Wednesday, January 20, 2010

Listened to: Louis Andriessen

Andriessen: "Gigantic Dancing Human Machine"
Bang on a Can

Andriessen: De Staat
Nederlands Blazers Ensemble
NBE Live

It's been a while since I listened to Louis Andriessen, and I've never heard much of his music, though I did like what I heard - De Snelheid, a bit of De Stijl, and (remembering only vaguely) his M is for Man, Music, Mozart score for Peter Greenaway. The two discs above contain 4 works between them. Three are from the mid-1970s, when Andriessen developed his minimalist style. De Staat is a wonderful, brash piece, full of the drama that almost by definition isn't often present in early Glass or Reich.

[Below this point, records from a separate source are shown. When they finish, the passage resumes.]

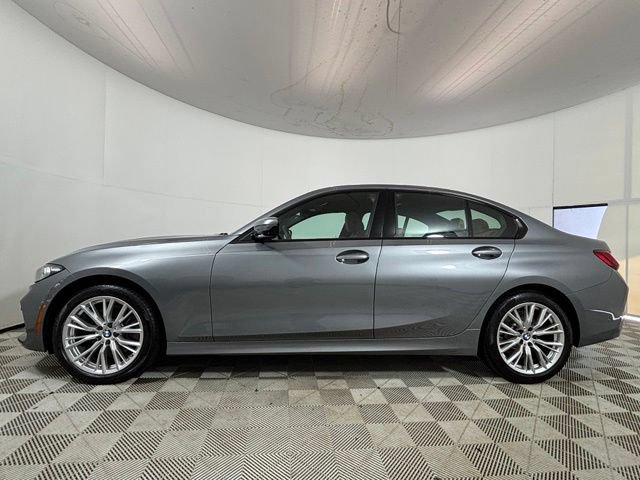 Used 2023 BMW 330i xDrive Sedan w/ Premium Package AWD/4WD image 4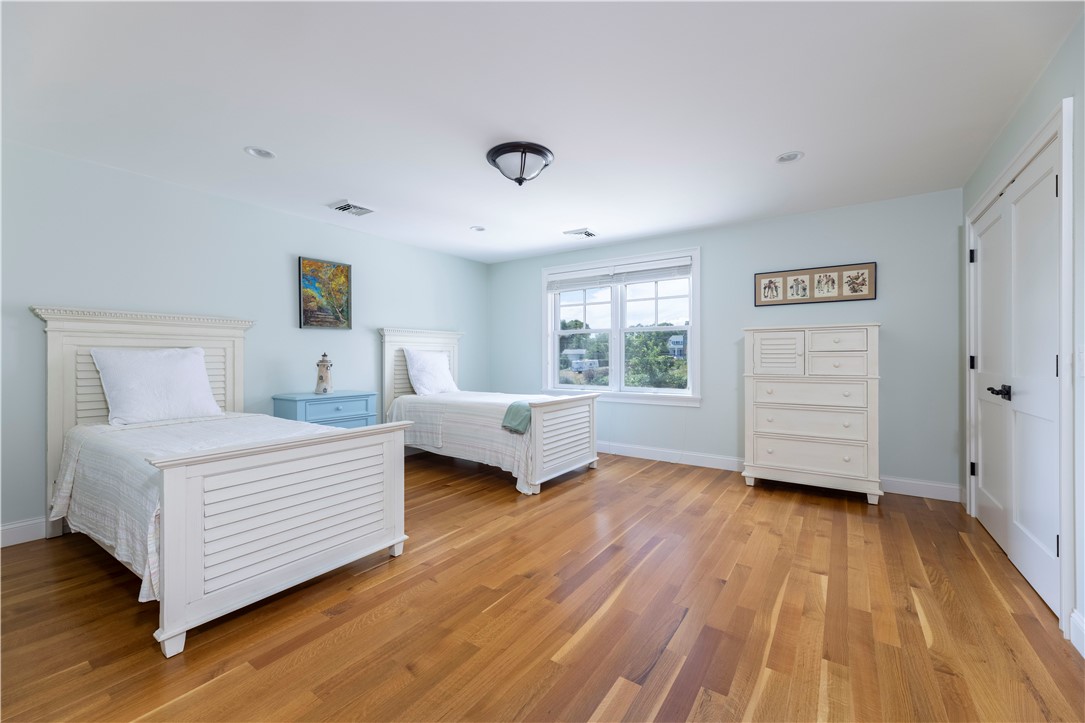 32 Coulter Drive Jamestown, RI 02835 - Photo 32 of 41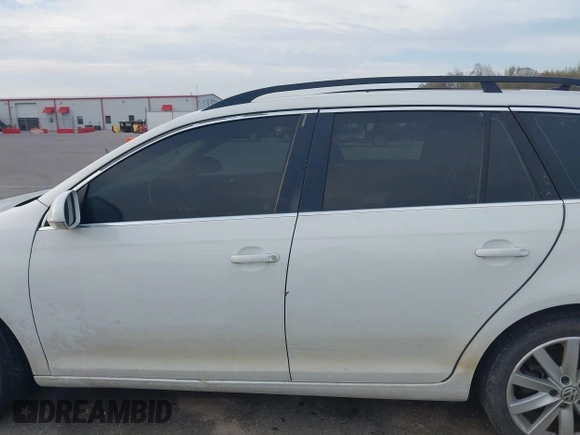 2014 Volkswagen Jetta TDI w/Sunroof & Nav with VIN 3VWPL7AJ7EM617385, listed as a IAAI auction lot 42012881 with 98,015 mi miles and . Bid and sale history available at DreamBid. Image 15.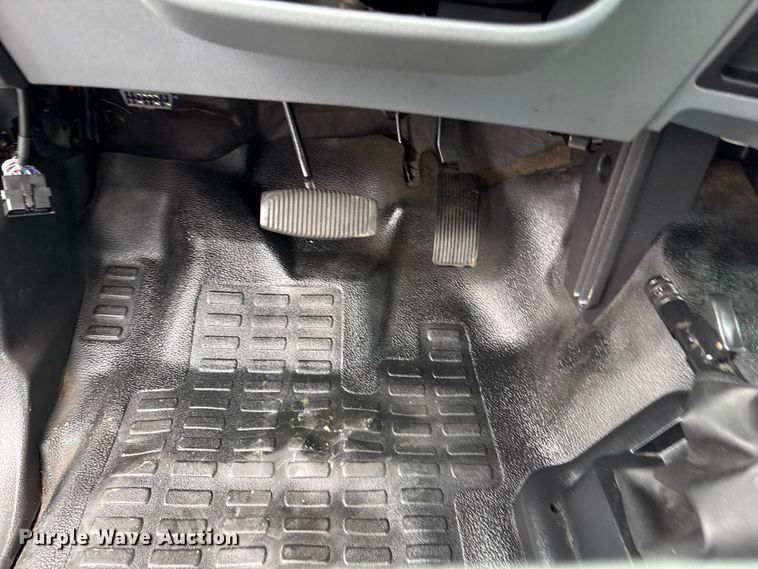 image for item EG9153 2016 Ford F650 Super Duty box truck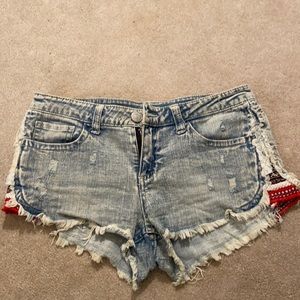 low rise light wash jean shorts w detail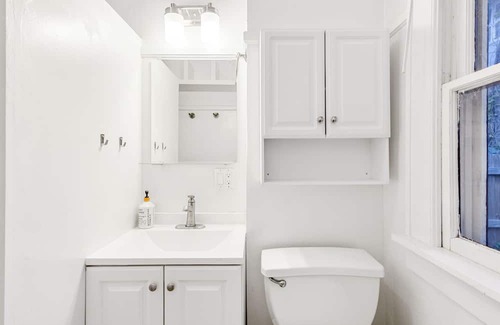 Historic Uptown Apartamento | Round Lake Retreat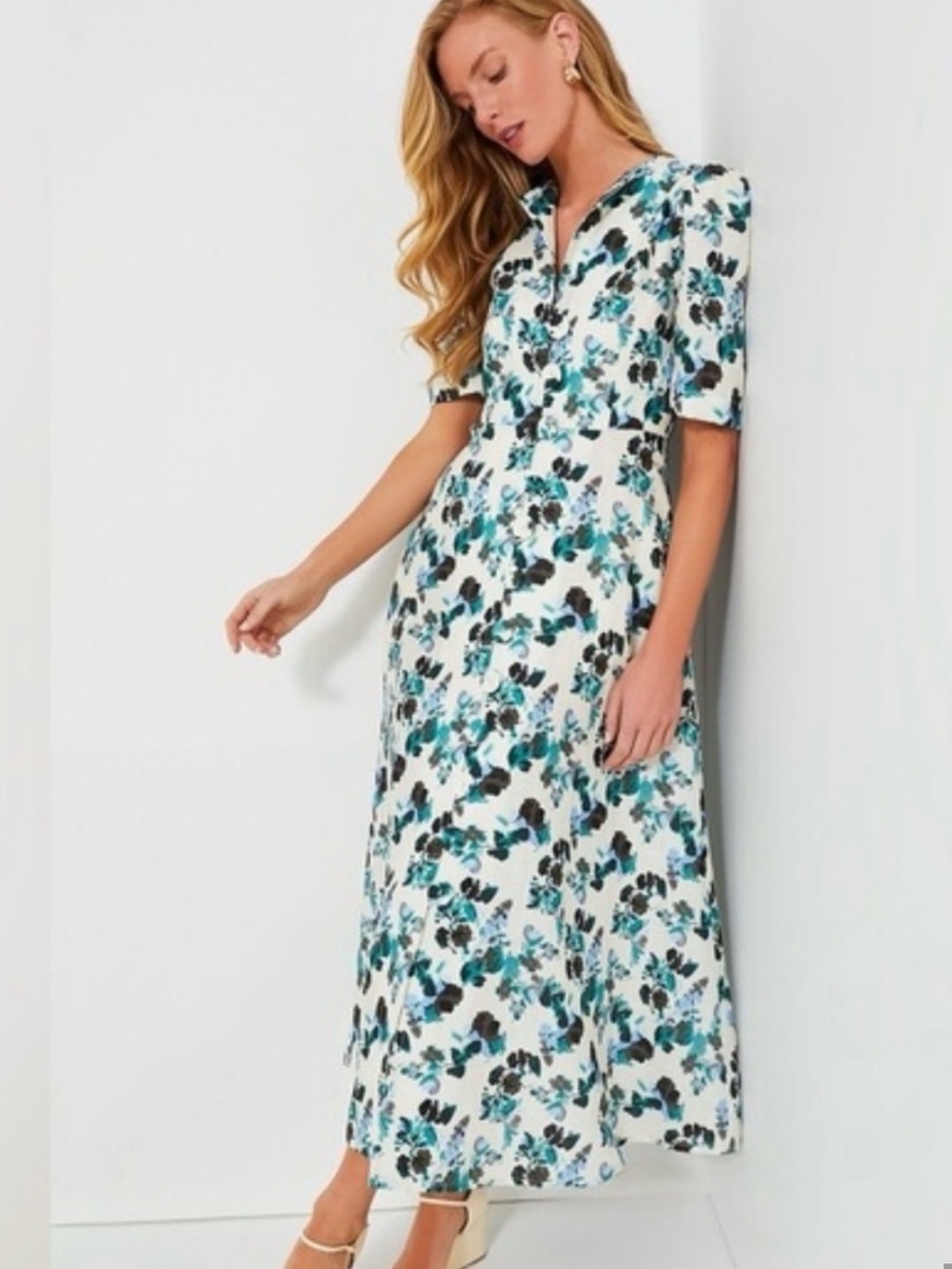 NWT Tuckernuck Budding Bluebell Hadley Floral Linen Dress small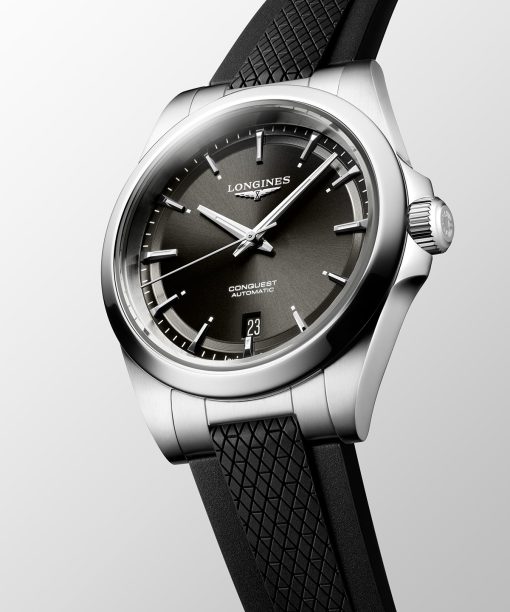 Alternative view of Longines Conquest 38mm - L3.720.4.52.9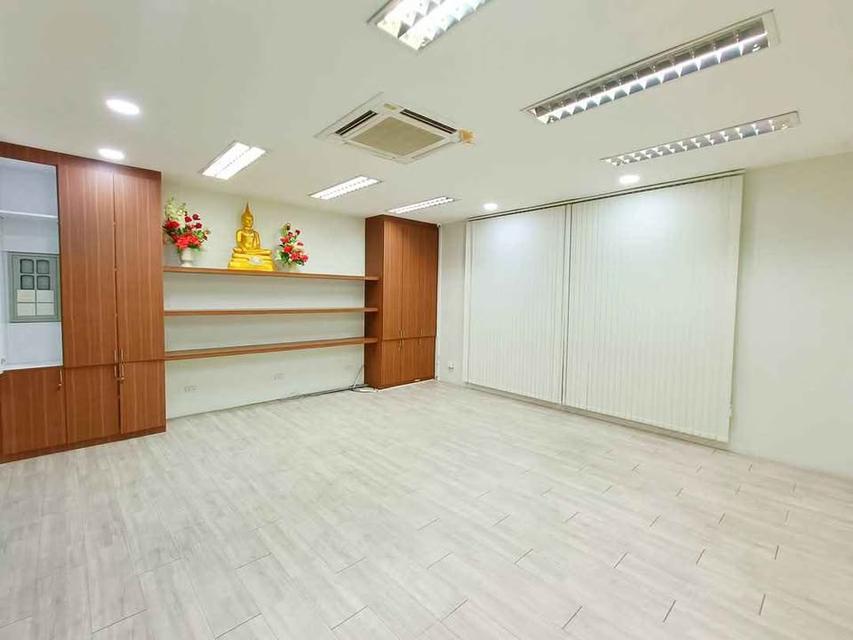 ให้เช่าออฟฟิศ อาคารสำนักงาน2ชั้น   (ลาดพร้าว87) ทะลุลาดพร้าว 101 ได้ ใกล้เลียบทางด่วนเอกมัย-รามอินทรา หลัง CDC  9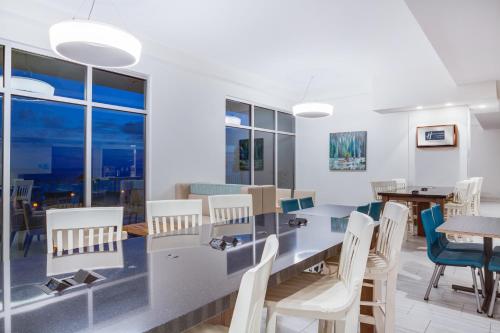 Holiday Inn Express & Suites Panama City Beach - Beachfront by IHG photo 106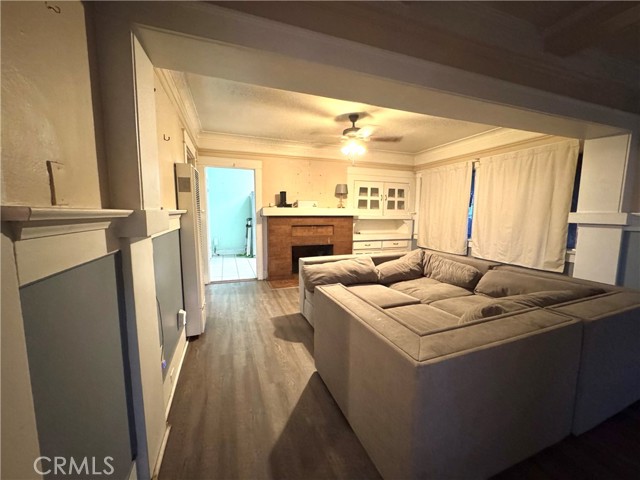 Detail Gallery Image 11 of 17 For 214 E 56th St, Los Angeles,  CA 90011 - 2 Beds | 1 Baths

Certainly a highlight of seventies minimalism for me. Hoketus is another impressive one, although this time for technical reasons; like the medieval "hiccup", the stop-start melody is shared between two voices (ensembles). Listened to from a distance, it's menacing but a little dull, but when you get the stereo separation you hear its fiendishness. The other seventies work, Workers Union, has a delirious sort of propulsiveness to it. Bang on a Can's album is rounded off by a piece from 1991, Hout, which is not so minimalist but is recognisably from the same composer.
More Andriessen must follow, I think. I'm intrigued by Norman Lebrecht's comment (in his Companion to 20th Century Music) "The Symphony for open strings (1978) has an unvibrated plangency that could be Balinese or medieval Dutch".